**Source material**
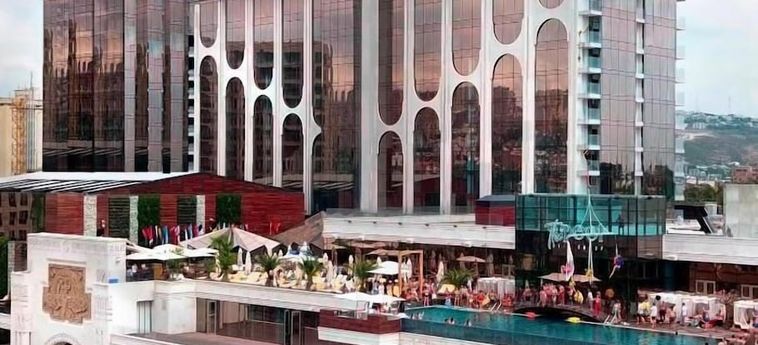 Hotel Seven Visions Resort &Amp; Places, The Dvin  Yerevan: Foto 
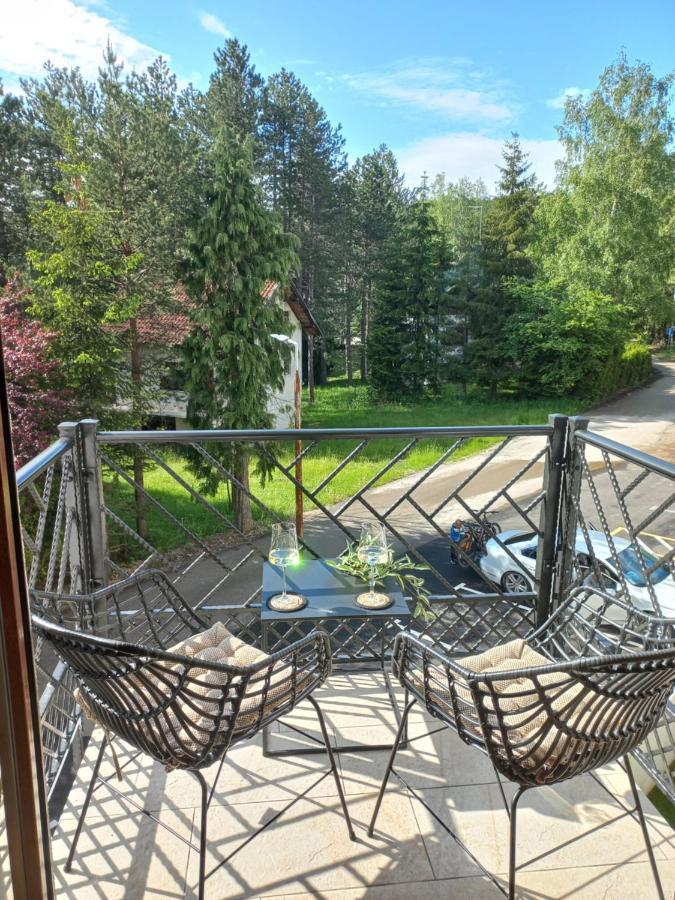 Zlatibor Apartman Luxury & Spa Dijana المظهر الخارجي الصورة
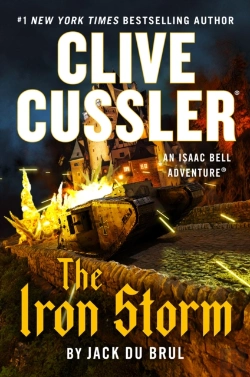 Bertrand.pt - Clive Cussler The Iron Storm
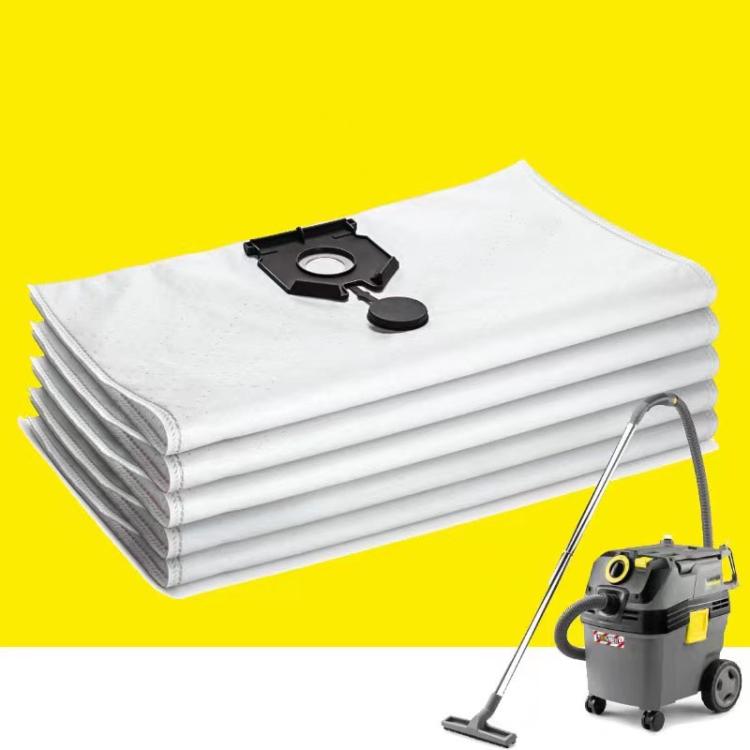 For Karcher NT30/1 ApL NT40/1 Vacuum Cleaner 130L Dust Bag 2.889-154.0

**About this exercise**
Transcribe the lines that run from the line bearing "Bertrand.pt - Clive Cussler The Iron Storm" through the last line of the data. Keep the wording exact and leave out every picture.

**Task answer**
 Bertrand.pt - Clive Cussler The Iron Storm
 For Karcher NT30/1 ApL NT40/1 Vacuum Cleaner 130L Dust Bag 2.889-154.0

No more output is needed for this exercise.